I'm not entirely sure what the difference between wrong notation and wrong "underlying mathematics" is, so I'm going to present a few different examples, and hopefully this clarifies the question. (Perhaps one of these examples provides an answer to the OP; maybe the one about set collection?)

I. Incorrect transfer of notation

The notion of prime factorization was studied by the early Pythagoreans and Euclid in his Elements. Over time, a notation/terminology for this behavior was built up. So if someone wrote “Let $a=p_1p_2 \dotsm p_k$ be the prime factorization of $a$.” then it was clear what was meant. This factorization was unique, up to order, and up to unit multiples, and couldn't be extended further.

When more general rings of integers began to be studied, the notation of prime factorization was transferred to this new setting. In that context, an incorrect proof of Fermat's Last Theorem was given. Why was it incorrect? Because the notation only applies to UFDs.

This specific incorrect use of notation has had ripple effects in the field of abstract algebra, and has led many algebraists to be very careful when assuming behaviors under different assumptions. We don't want to repeat that fundamental mistake.

In modern mathematics we see the effect being that many statements have many very precise hypotheses.

Other examples of "incorrect transfer" abound. As a noncommutative ring theorist, I see this all the time, when looking at transfers from the commutative setting.

II. Imprecise reference to modeled objects

Nowadays we take the notation "Let $f$ be a function" for granted. But it actually took a while for mathematicians to formalize exactly what a function is (and for that formalization to be almost universally accepted). A function could have been all sorts of different things, including Dirac's delta "function".

I also view Joel's answer, of ZFC-P, to be of the "imprecise reference" type. The original understanding of that notation was not precise enough to ground it in a specific theory.

III. Inconsistent notation

Some notation refers to nonexistent objects. For instance, in set theory Kunen's inconsistency theorem tells us (among other things) that there is no nontrivial elementary embedding $j\colon V\to V$. The notation $j$ I just introduced refers to no actual object.

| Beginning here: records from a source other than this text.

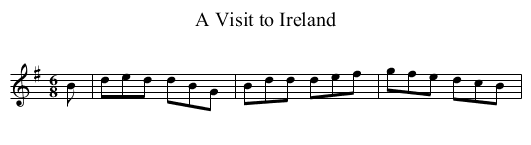Visit to Ireland, A - staff notation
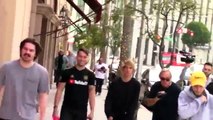 Justin Bieber and Friends Yuck It Up After SoulCycle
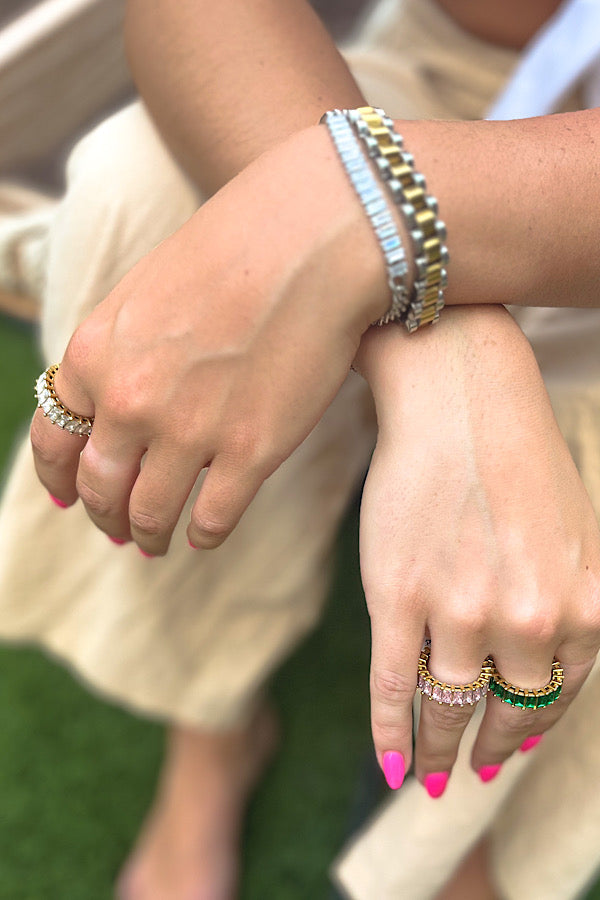 Natural Elements Silver Chain Bracelet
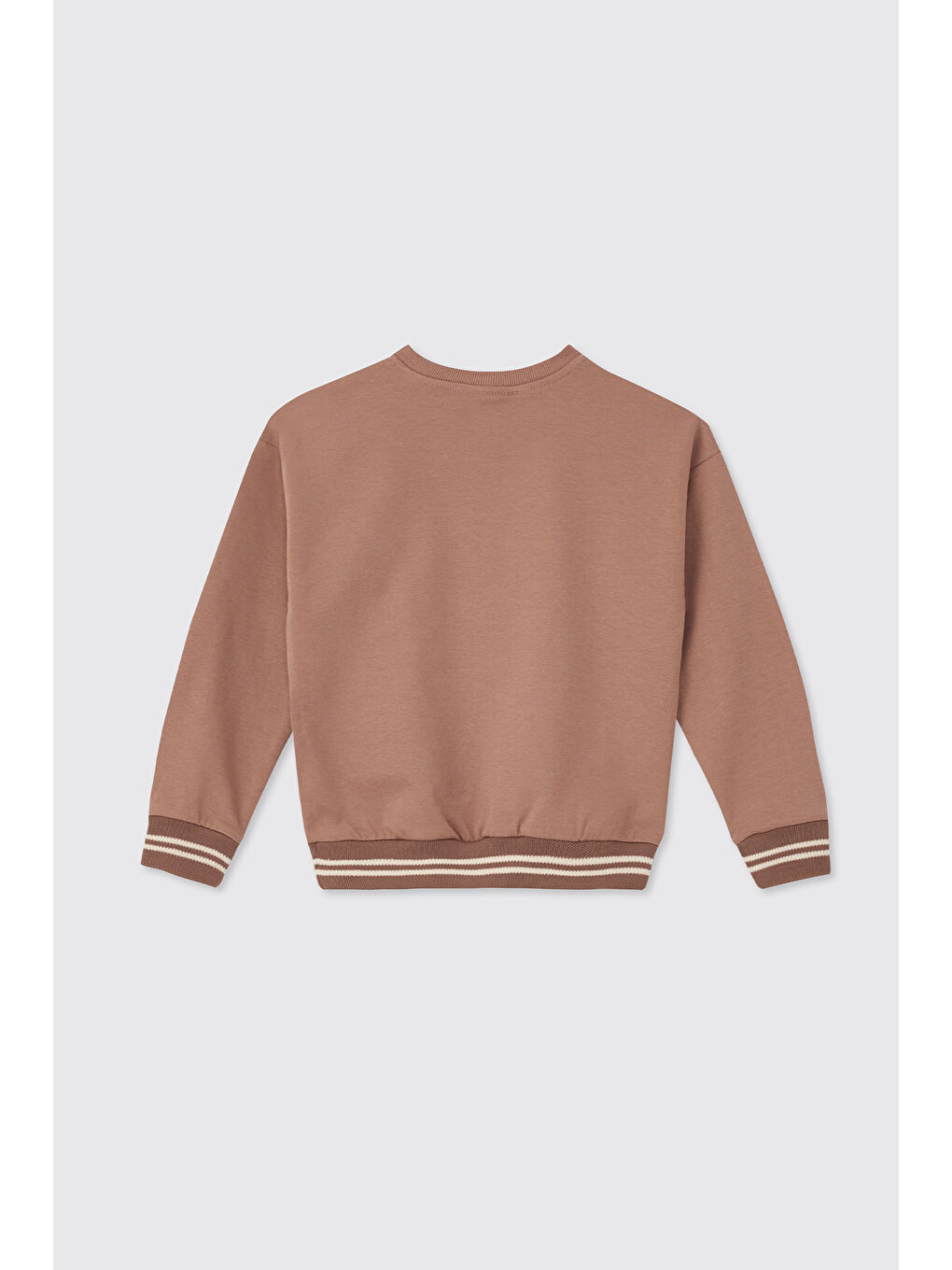 Kahverengi Kız Çocuk Kahve Sweatshirt-1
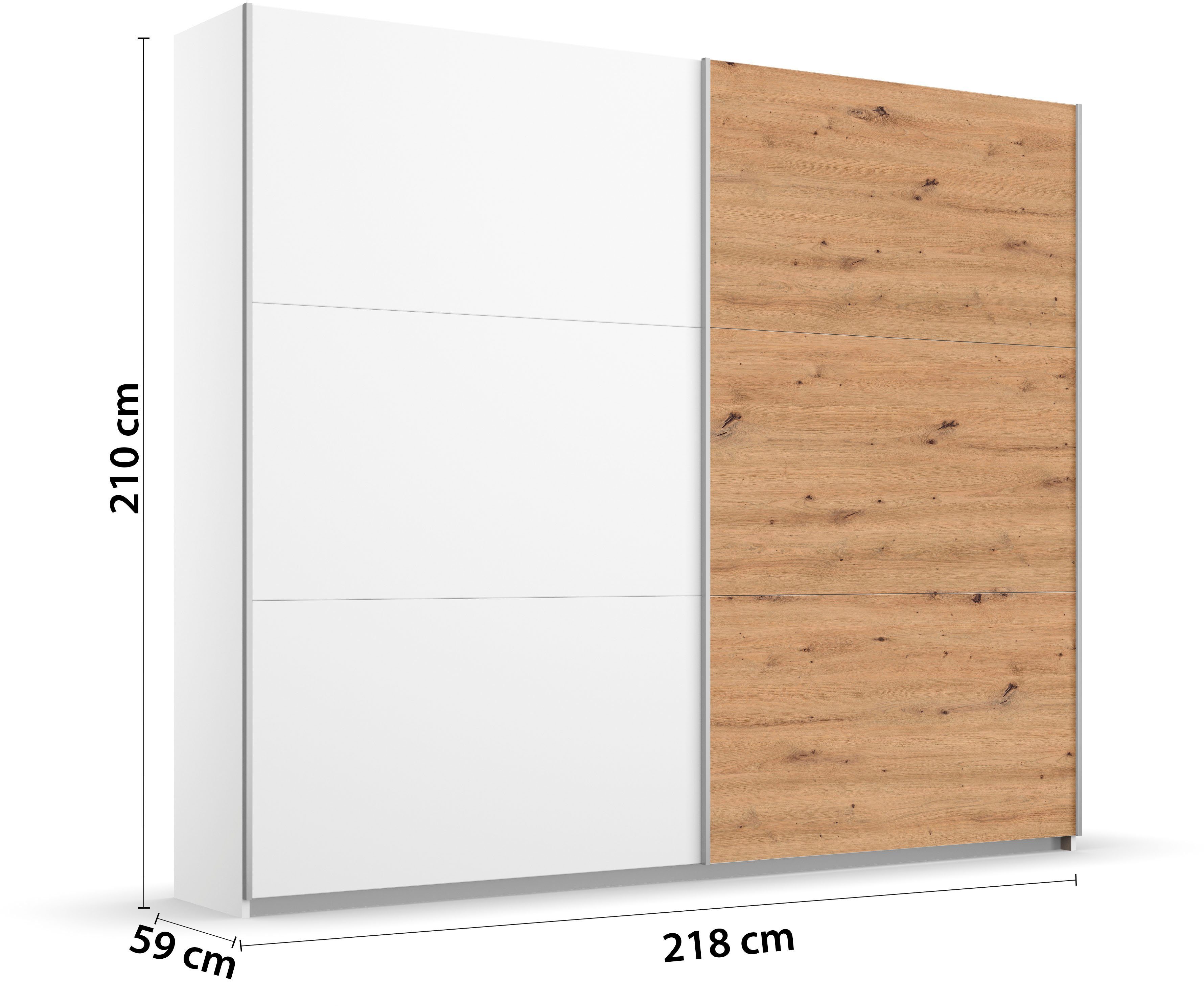 rauch Zweefdeurkast AURELIO kledingkast garderobe TOPSELLER OTTO´s CHOICE 3 verschillende uitrustingsvarianten handgrepen van metaal made in germany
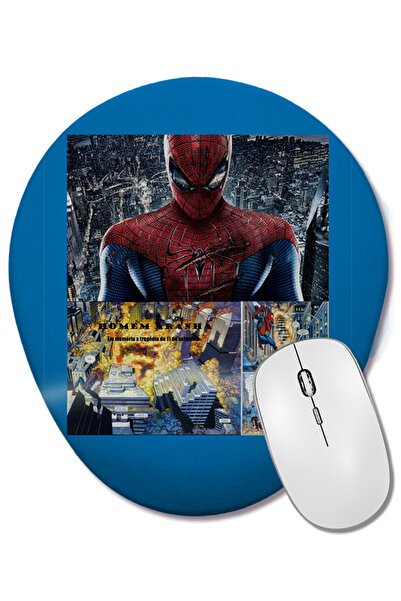 BASKI DÜNYASI Homem Aranha 2 Mouse Pad oval cu suport pentru încheietura mâinii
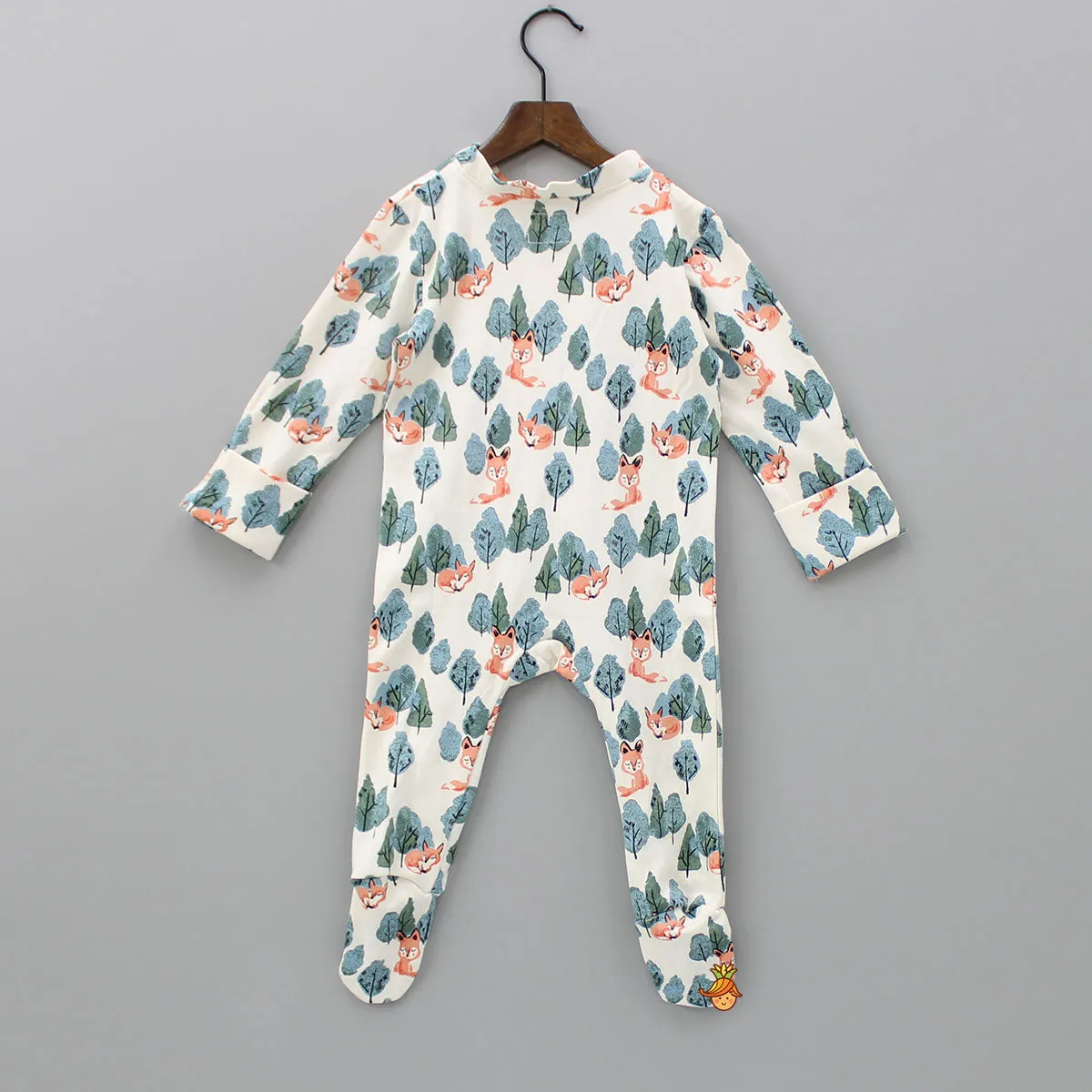 Organic Fox Print Bodysuit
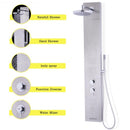 WATERJOY 55" Brushed Stainless Steel Shower Panel w- Hand Shower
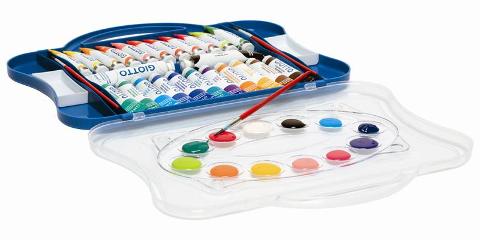 Giotto Tempera Extra in tubetto 12 ml Scatola 24 pz Colori assortiti fila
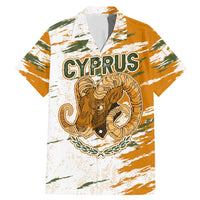 Cyprus Family Matching Mermaid Dress and Hawaiian Shirt with Mouflon Illustration Design and National Laurel - Wonder Print Shop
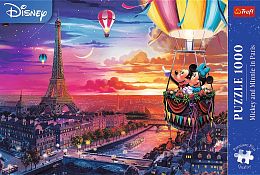 Trefl 1000-piece Puzzle: Mickey and Minnie in Paris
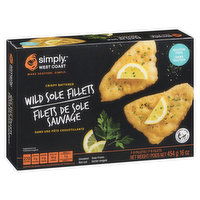 simply WEST COAST - Wild Sole Fillets Crispy Battered, 454 Gram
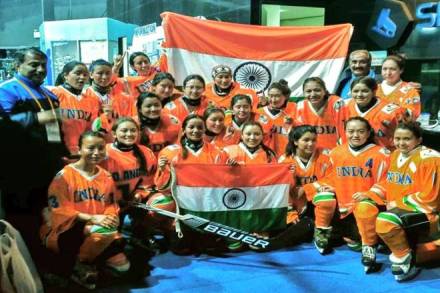 Indian Women Ice Hockey Team, Ice Hockey Team International win, Indian Women team, Ice Hockey Team, Indian team, Bangkok, IIHF Challenge Cup of Asia, Thailand, first international win, Barcelona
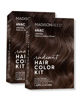 Picture of Madison Reed Radiant Hair Color Kit, Medium Chocolate Brown for 100% Gray Coverage, Ammonia-Free, 6NAC Verona Brown, Permanent Hair Dye, Pack of 2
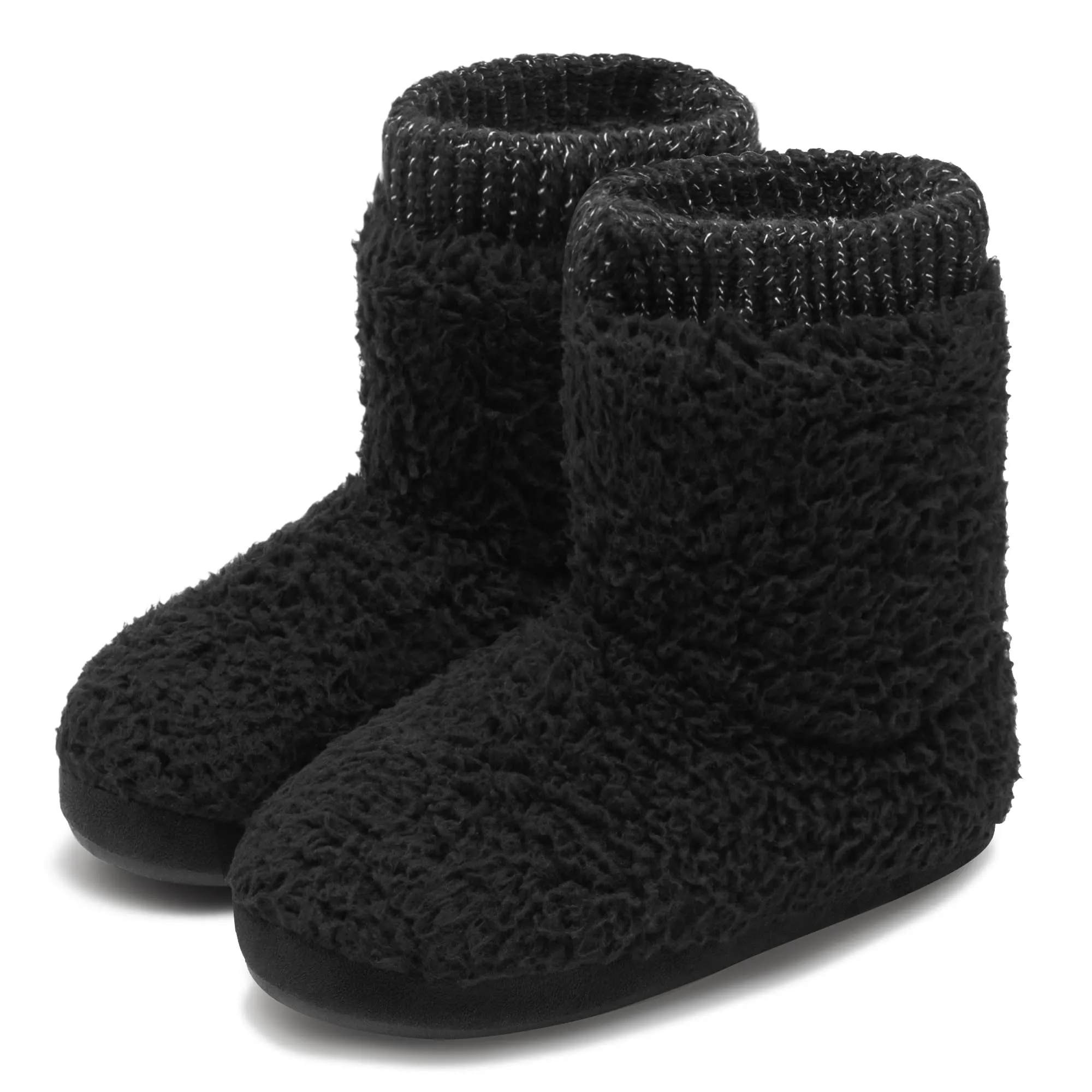 Cozy Faux Fleece Fuzzy Ankle Bootie Slippers Soft Plush Lining, Anti-Slip Sole, Comfortable Slip-on Design, Warm and Fuzzy, Indoor/Outdoor, Perfect for Cold Winter Days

This is a feature of mathematics, not a bug. It is common in many branches of mathematics to introduce notations for things that later turn out to not exist at all. There is nothing being modeled by the notation, and yet the notation is a useful nonsense!

One of the famous examples of an inconsistent notation, that was initially believed by prominent mathematicians to be consistent, was that of arbitrary collection. As Russell and others noticed, the collection $\{x\, :\, x\notin x\}$ of all sets that aren't members of themselves seems innocuous enough, but it is self-contradictory.

IV. Misleading or overused notation

One of the easiest traps to fall into, regarding notation, is when that notation itself is misleading.

For instance, mathematicians often overuse the equals sign "=", having it mean different things in different contexts. Occasionally, it is even used for a non-symmetric relation symbol, such as in $x=O(x)$, even though the symbol "=" itself is visually symmetric. We are trained to treat symmetrically written relation symbols as implicitly symmetric.

In a separate answer, I mentioned how modules over commutative rings possess a similar issue. If $k$ is a commutative ring, and $M$ is a module over that ring, then we want to say $_k M=M_k$, because either module structure gives us the "same" information. Yet, a left module is different than a right module, and their endo rings are different, in meaningful ways.

Matt F.'s answer also seems to fall in this category. It is dangerous to remove parameters from a notation.

Per Alexandersson's answer is another instance of this phenomenon. Using the same notation in the same article for two different types of objects is misleading.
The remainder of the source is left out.